Agricultural Systems For Environmental Conservation

Vir Singh*
Department of Environmental Science, GB Pant University of Agriculture & Technology, Uttarakhand, India
*Corresponding Author: Vir Singh, Department of Environmental Science, GB Pant University of Agriculture & Technology, Uttarakhand, India, Tel: +917500241416, Email: [email protected]

Received: 22-Mar-2018 / Accepted Date: 26-Mar-2018 / Published Date: 02-Apr-2018

Keywords: Agriculture; Food; Soil; Biodiversity; Environment

Short Communication

Agriculture encompasses all the land-related activities. In our contemporary world, however, meaning of agriculture has been reduced to mere cultivation of food crops. Agriculture cut off from its environment becomes detrimental. Environment-deteriorating agriculture invites ruins. Agriculture in perfect conciliation with environment is what is said to be a sustainable form of agriculture [1,2]. The first purpose of agriculture should, therefore, be environmental conservation. Agriculture must not only be environment-friendly but also conservation-oriented and biodiversity enhancing.

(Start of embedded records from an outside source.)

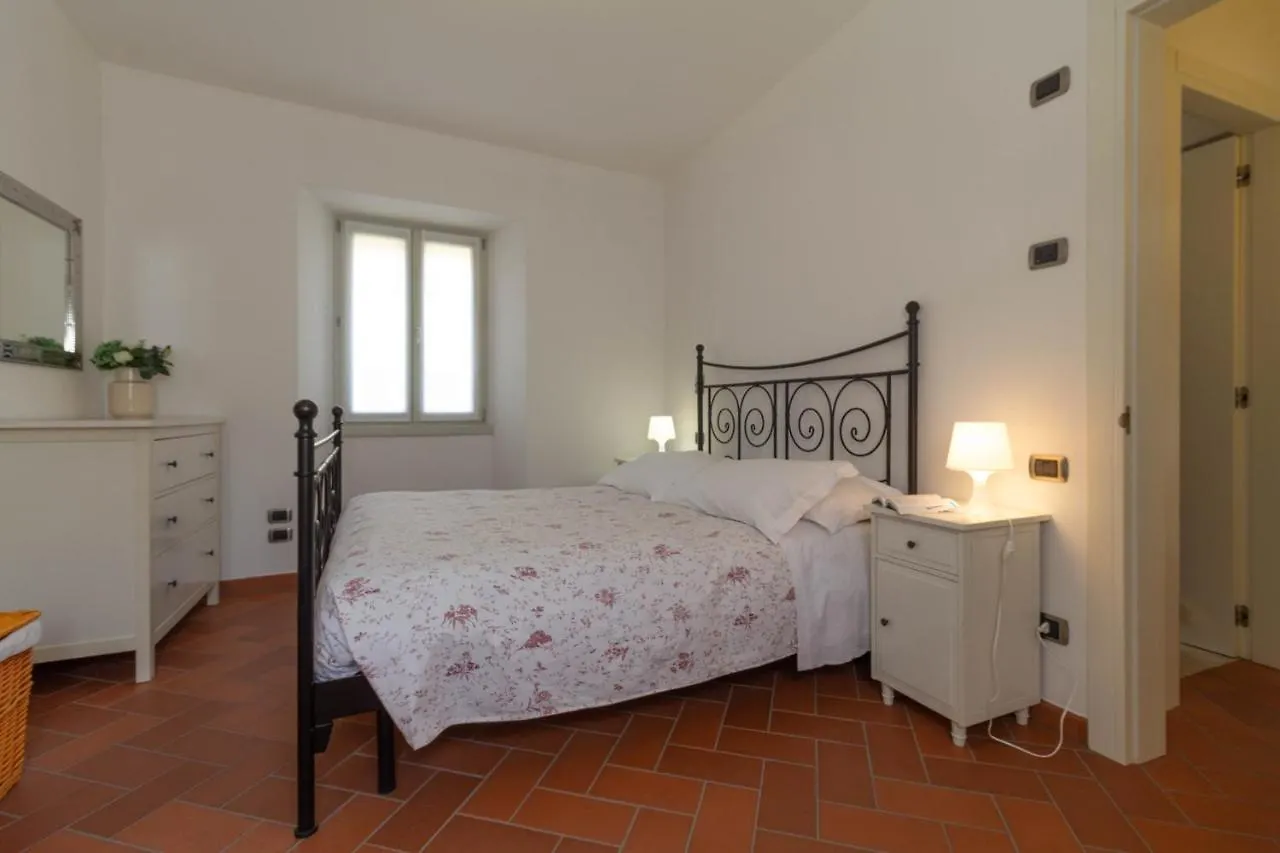 Mamma Ciccia Holiday Home - Conventino Mandello del Lario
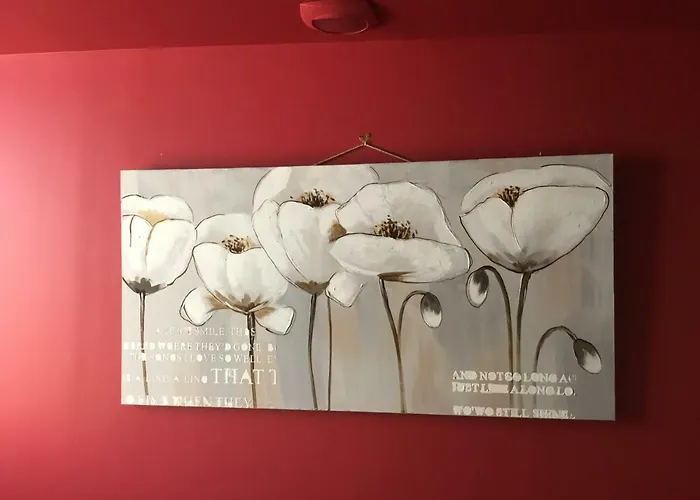 Apartment Aux Cornettes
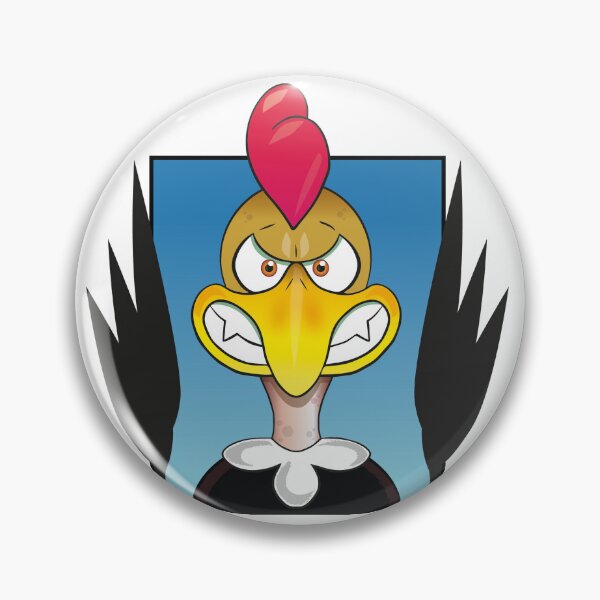 Item preview, Condor designed and sold by ArtisticVsion.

Foods are not only necessary for life but also indispensable. Agriculture determines the way we live in. Agriculture determines the future we shall usher in. We are the beings of our environment. Quality of our environment and that of our life are interconnected. If agriculture is meant to care for us, it must be caring for the environment. Agricultural practices that are supportive of soil and water conservation, do not pollute our soil, water and air and provide food and nutritional security are an imperative of our life. Only a sustainable form of agriculture will help us usher in a sustainable future. Biodiversity-based agriculture, for example, ecological agriculture, organic agriculture and agriculture based on a farming system with cropland in linkages with forests and livestock, will ensure environmental conservation. We have to look into all the aspects relating to soil health. Our soils should not be contaminated by pesticides and other pollutants, such as heavy metals. Our water resources must also be free from pollution.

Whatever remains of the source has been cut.